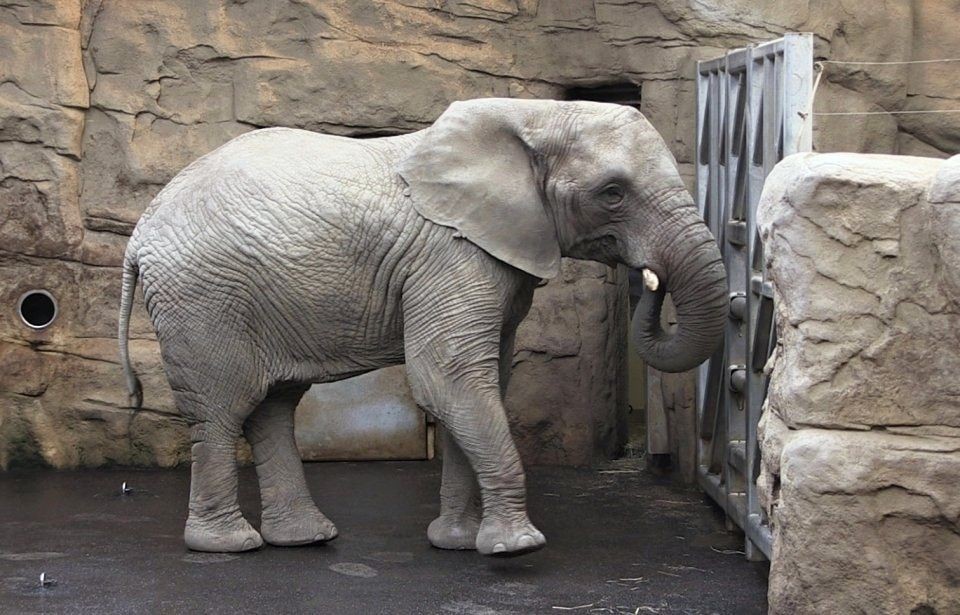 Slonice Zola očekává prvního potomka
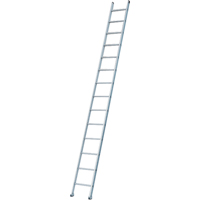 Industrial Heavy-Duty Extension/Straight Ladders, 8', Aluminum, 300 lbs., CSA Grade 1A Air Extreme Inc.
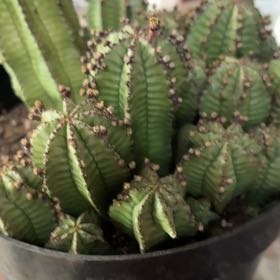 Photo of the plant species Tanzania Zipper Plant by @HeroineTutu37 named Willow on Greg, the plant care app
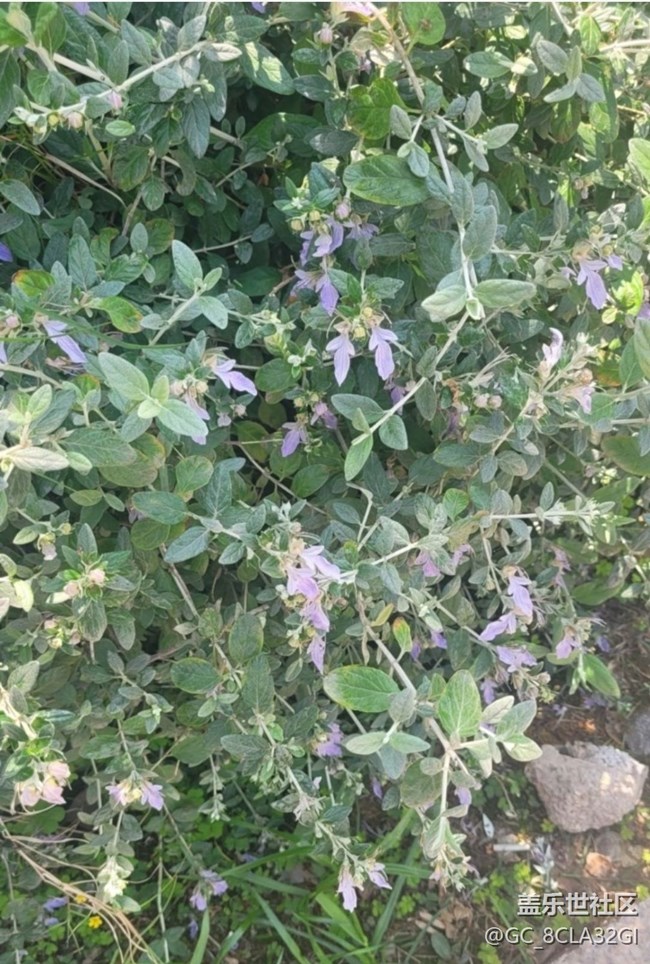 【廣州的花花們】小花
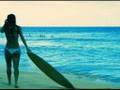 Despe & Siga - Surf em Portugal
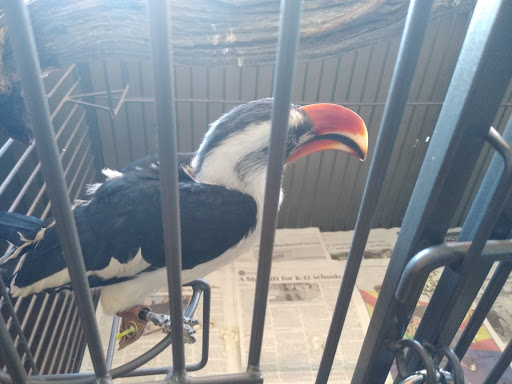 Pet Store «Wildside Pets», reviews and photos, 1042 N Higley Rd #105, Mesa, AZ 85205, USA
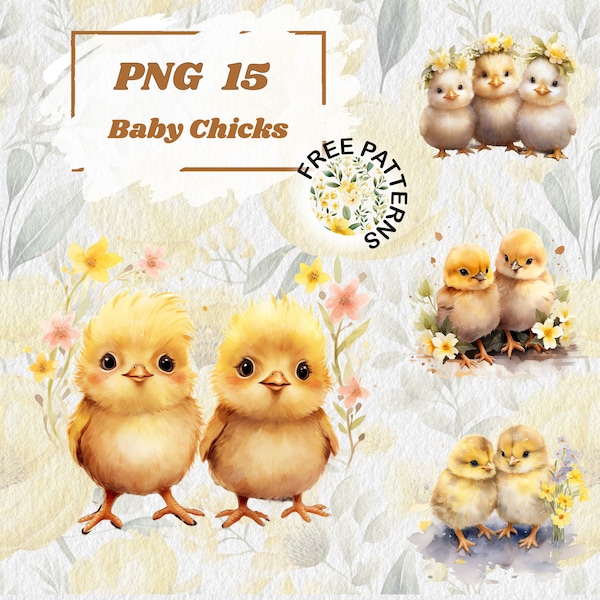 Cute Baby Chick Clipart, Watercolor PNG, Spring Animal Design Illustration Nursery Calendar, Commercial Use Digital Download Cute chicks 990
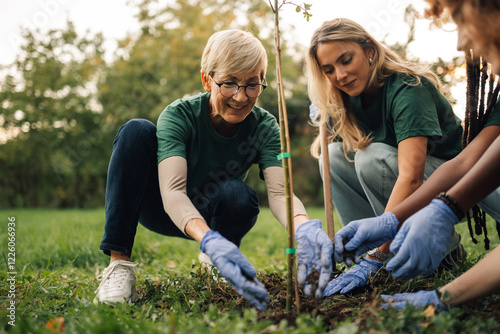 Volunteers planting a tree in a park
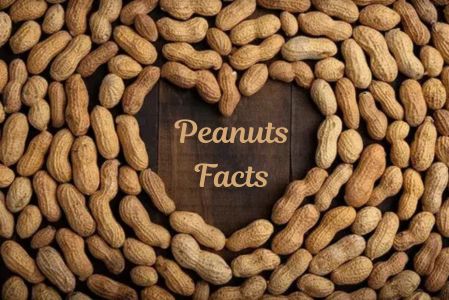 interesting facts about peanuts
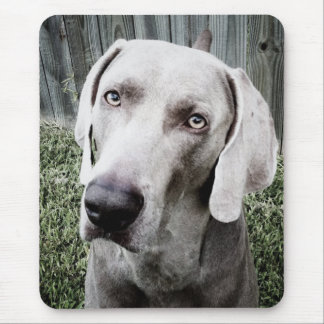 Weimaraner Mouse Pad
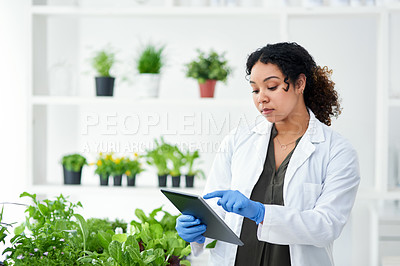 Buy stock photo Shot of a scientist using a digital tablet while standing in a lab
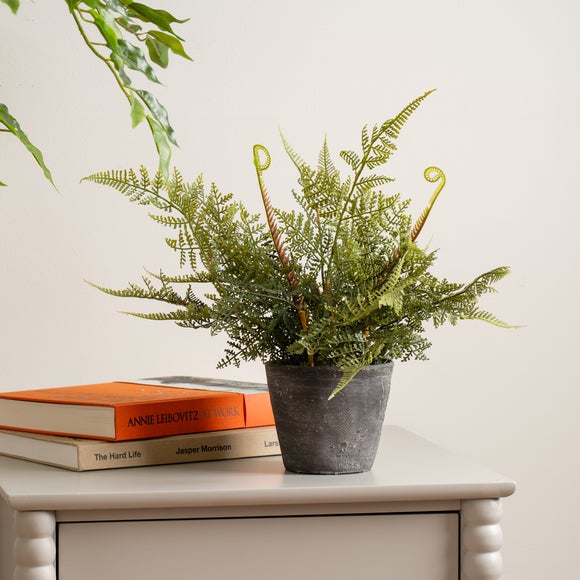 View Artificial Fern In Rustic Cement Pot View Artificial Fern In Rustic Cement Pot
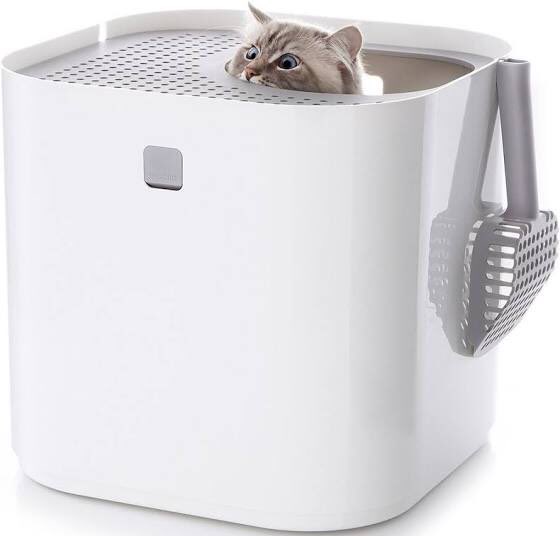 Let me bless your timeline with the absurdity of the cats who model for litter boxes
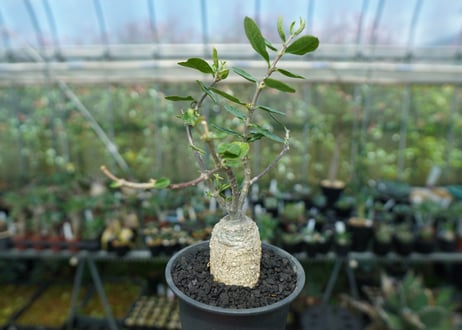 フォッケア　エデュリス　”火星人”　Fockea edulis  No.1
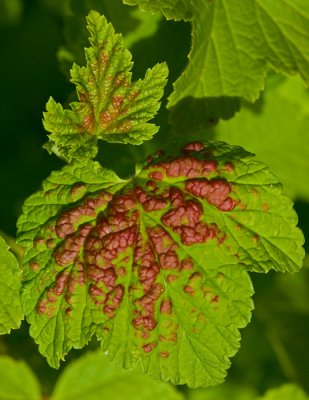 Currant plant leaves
##########
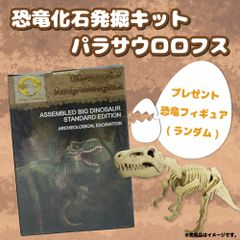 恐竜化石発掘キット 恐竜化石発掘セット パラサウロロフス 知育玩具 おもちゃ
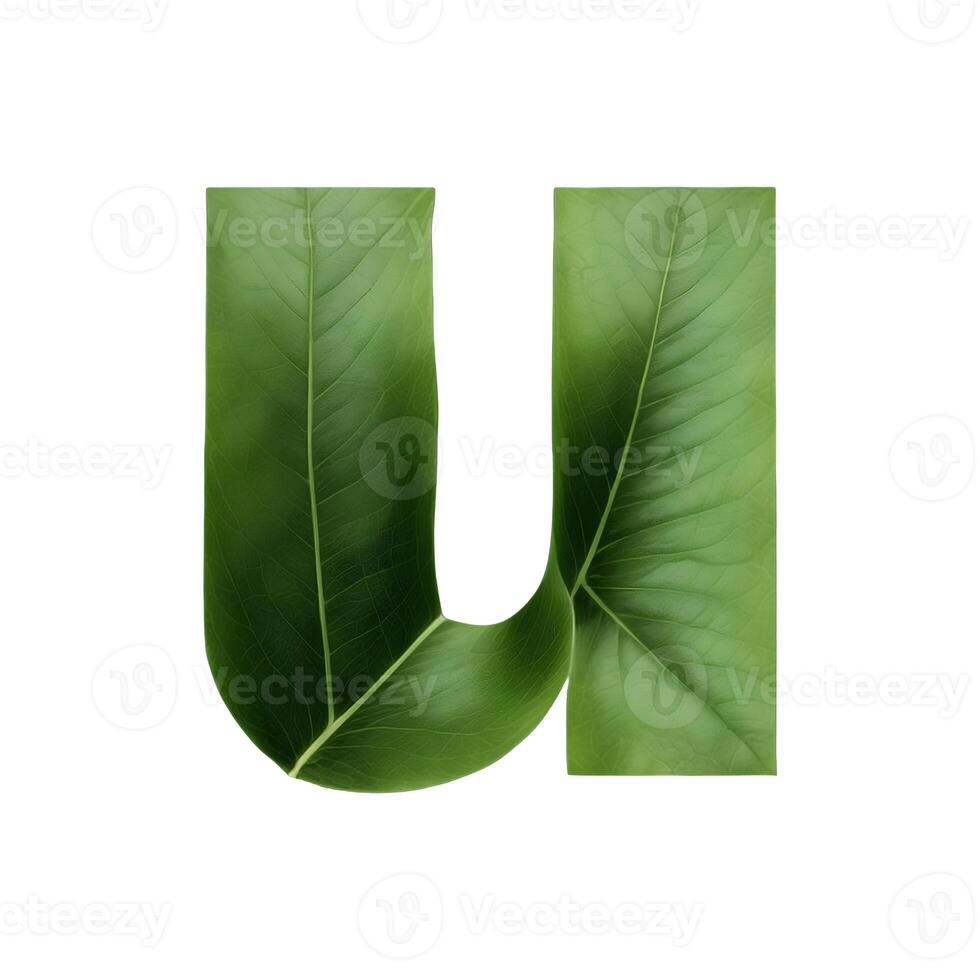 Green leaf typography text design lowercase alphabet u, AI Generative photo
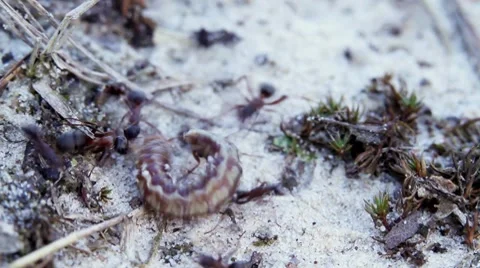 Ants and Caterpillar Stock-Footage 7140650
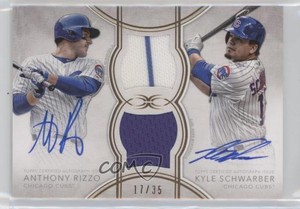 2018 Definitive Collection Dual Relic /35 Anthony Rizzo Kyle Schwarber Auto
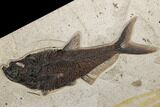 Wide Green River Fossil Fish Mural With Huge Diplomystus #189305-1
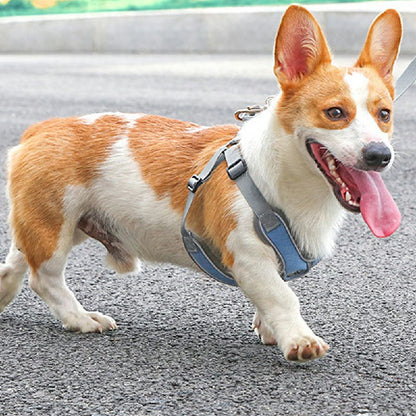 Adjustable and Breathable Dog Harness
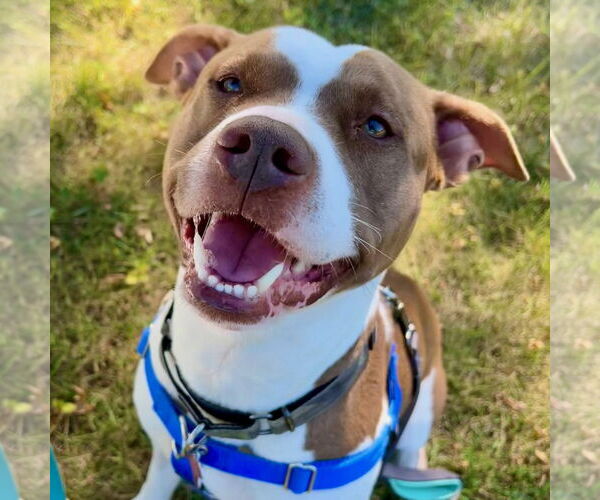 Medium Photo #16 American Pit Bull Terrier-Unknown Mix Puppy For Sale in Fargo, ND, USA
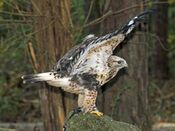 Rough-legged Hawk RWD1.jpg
##########
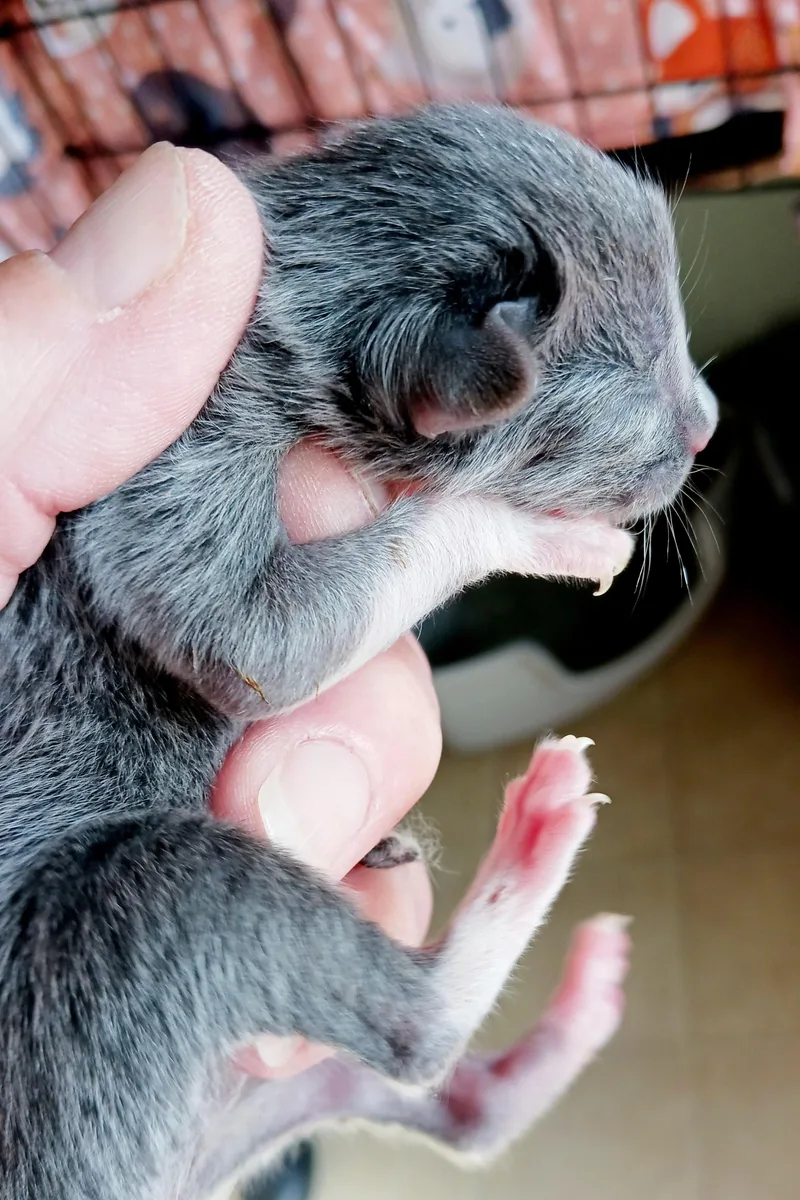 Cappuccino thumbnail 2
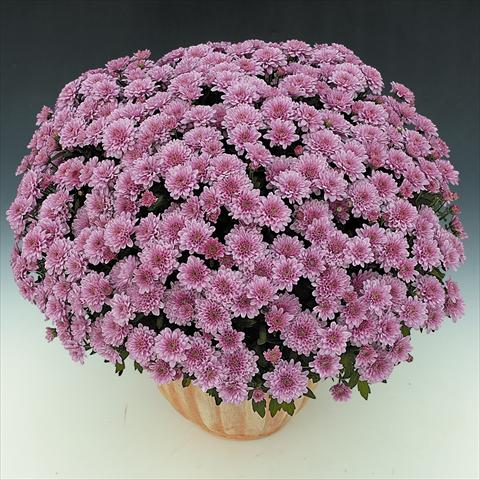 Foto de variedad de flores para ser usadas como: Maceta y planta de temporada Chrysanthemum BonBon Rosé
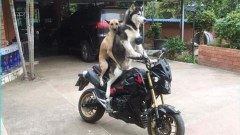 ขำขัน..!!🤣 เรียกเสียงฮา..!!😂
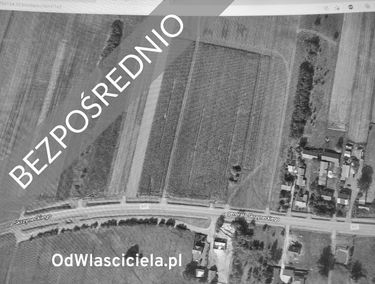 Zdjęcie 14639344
##########
Would you transcribe the lines above exactly, going from the line bearing "Buy stock photo" through the line bearing "Currant plant leaves", and drop the pictures from the copy?

 Buy stock photo Shot of a scientist using a digital tablet while standing in a lab
 View Artificial Fern In Rustic Cement Pot View Artificial Fern In Rustic Cement Pot
 Let me bless your timeline with the absurdity of the cats who model for litter boxes
 フォッケア　エデュリス　”火星人”　Fockea edulis  No.1
 Currant plant leaves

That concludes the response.